MILL HALL, PA., TRAIN STATION MOVING TO LOCK HAVEN: It's moving day for a landmark in Clinton County, Pa. Crews are moving the historic Mill Hall train station to a new location behind Lock Haven City Hall. The roof was removed from the building on Oct.29, 2007, so it would be low enough to pass under signs and utility lines. The station had to be moved because Rightnour Manufacturing Co. in Mill Hall is expanding and needed the space where the station sat. [United Transportation Union, 10-30-07, from Associated Press report]

KANSAS CITY SOUTHERN REPORTS HIGHER 3-Q EARNINGS: Kansas City Southern (KCS) recorded third-quarter 2007 revenues of $444.1-million, a 6.8 percent increase over third-quarter 2006. Revenue gains were primarily attributable to volume growth in select commodity areas and a continued favorable pricing environment. Net income available to common shareholders in the third quarter 2007 increased by 58 percent to $41.8-million or $0.48 per diluted share, compared with $26.4-million or $0.32 per diluted share in the third quarter 2006. [Kansas City Southern, 10-25-07]

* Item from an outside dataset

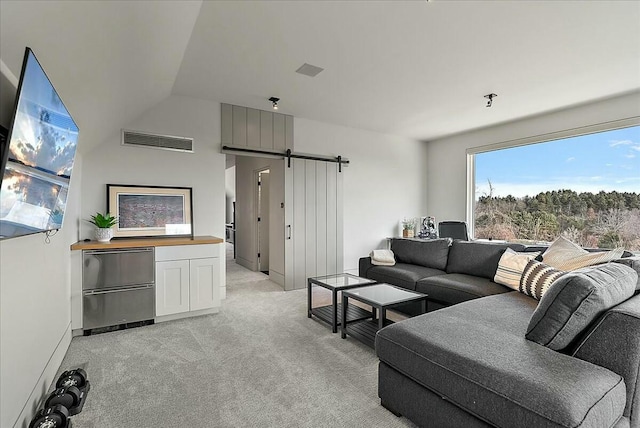 carpeted living room featuring a barn door and vaulted ceiling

NORFOLK SOUTHERN QUARTERLY PROFIT FALLS: Railroad company Norfolk Southern Corp said Oct.24 quarterly net profit fell due to slower U.S. economic growth and a tax charge. The company reported third-quarter net income of $386-million or 97 cents a share, compared with $416-million or $1.02 a share a year earlier. Excluding a pre-announced charge of five cents per share related to new tax legislation in Illinois, earnings were $1.02 per share. [United Transportation Union, 10-24-07, from Reuters report]

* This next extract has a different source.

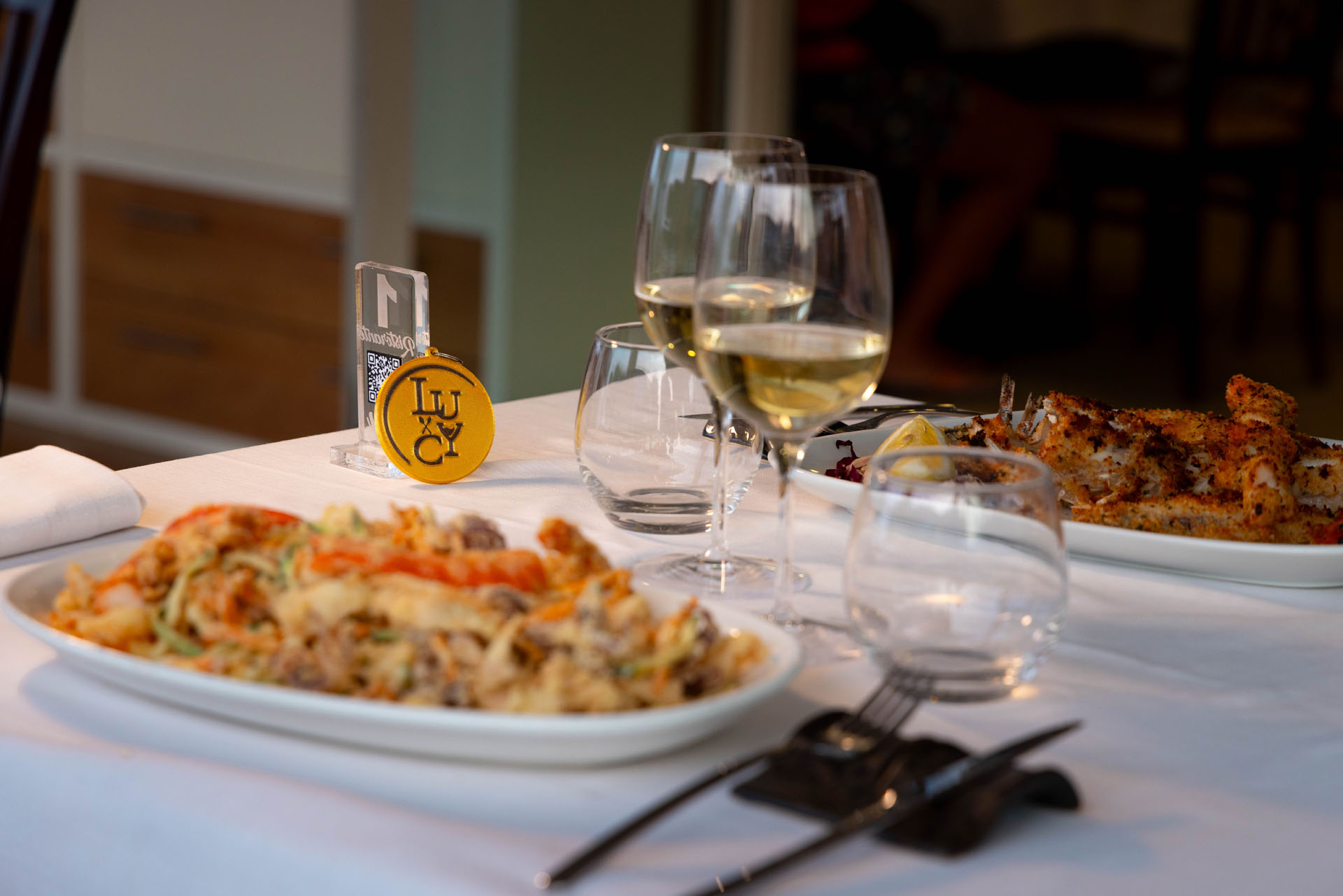 Pasta con frutti di mare e calici di vino sulla tavola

TALGO TRAINSETS RETURNED TO CASCADES SERVICE: All Spanish-made rail cars that were withdrawn from Amtrak Cascades passenger service between Seattle and Eugene, Ore., in August have been repaired and are back in use. Cascades trains returned to normal fall-winter schedules Oct.21 with restoration of all amenities, including business class, checked baggage and feature movies. [United Transportation Union, 10-24-07, from Seattle Post-Intelligencer report]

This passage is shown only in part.